→ **Exercise**:
With the pictures left out, reproduce exactly the lines running from the line with "Ralph Lauren Vintage" to the last line of the material below.

→ **Data shown**:

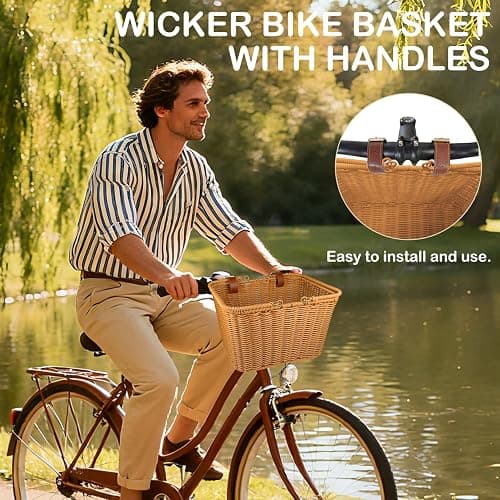 Bike Basket Front,Hand-Woven Bicycle Basket for Adult Bikes with Leather Straps, Easy Detachable,30 * 24 * 19cm thumbnail 3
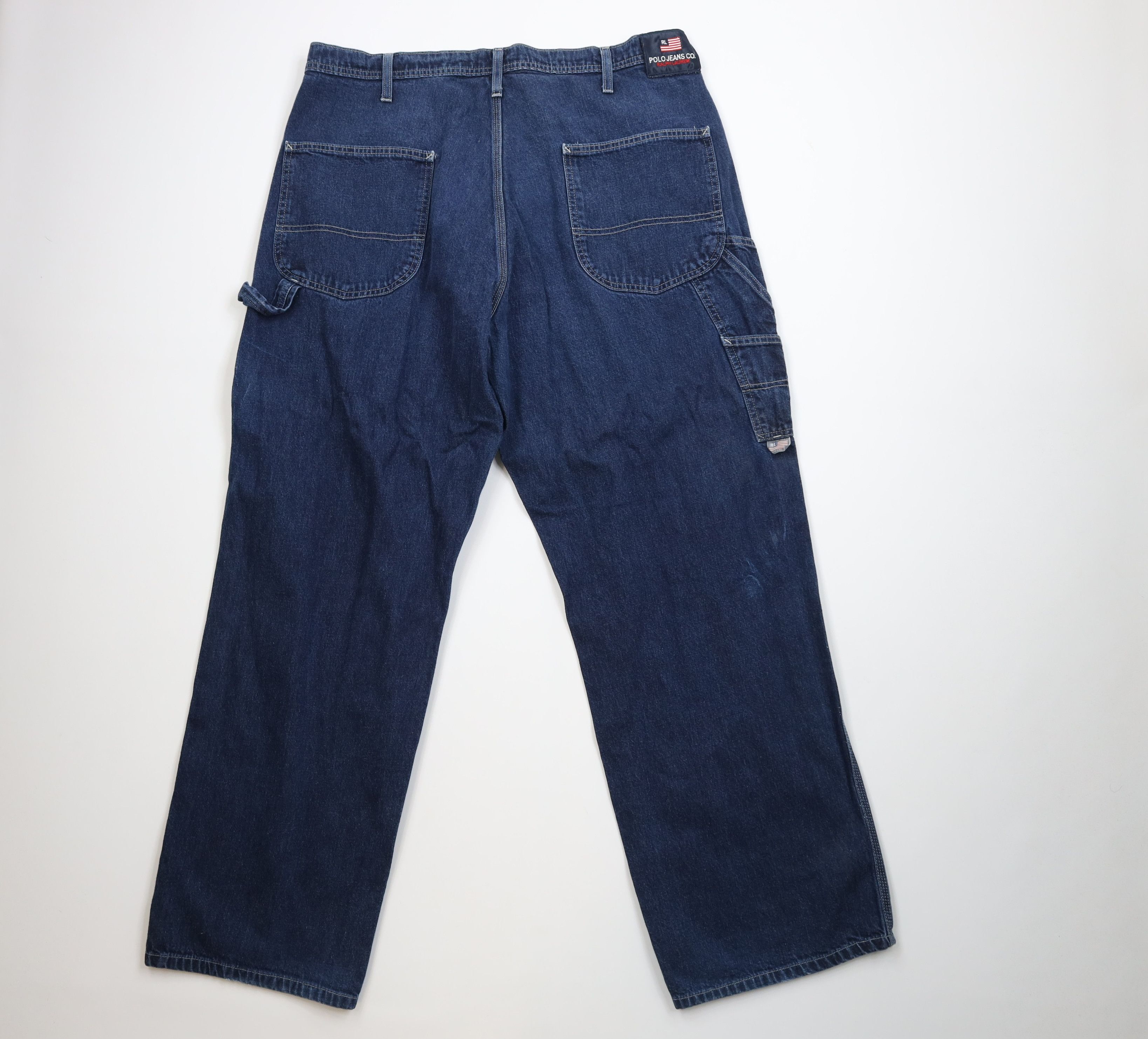 Ralph Lauren Vintage 90s Ralph Lauren Baggy Wide Leg Carpenter Jeans Blue Size US 38 / EU 54 - 9 Thumbnail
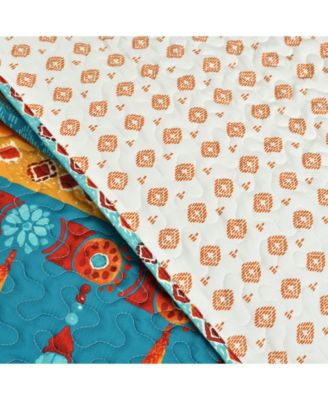 Boho Watercolor Border 3 Piece Quilt Set, Full/Queen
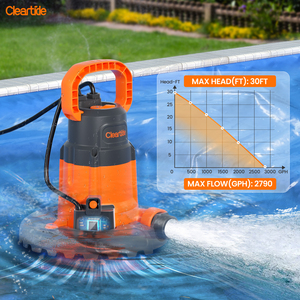 Pompe de couverture de piscine automatique Cleartide 1/3 HP 120V AC 2 en 1 pompe de puisard submersible pour sous-sol d'étang de jardin - Product Image 1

→ **Exercise result**:
 Ralph Lauren Vintage 90s Ralph Lauren Baggy Wide Leg Carpenter Jeans Blue Size US 38 / EU 54 - 9 Thumbnail
 Boho Watercolor Border 3 Piece Quilt Set, Full/Queen
 Pompe de couverture de piscine automatique Cleartide 1/3 HP 120V AC 2 en 1 pompe de puisard submersible pour sous-sol d'étang de jardin - Product Image 1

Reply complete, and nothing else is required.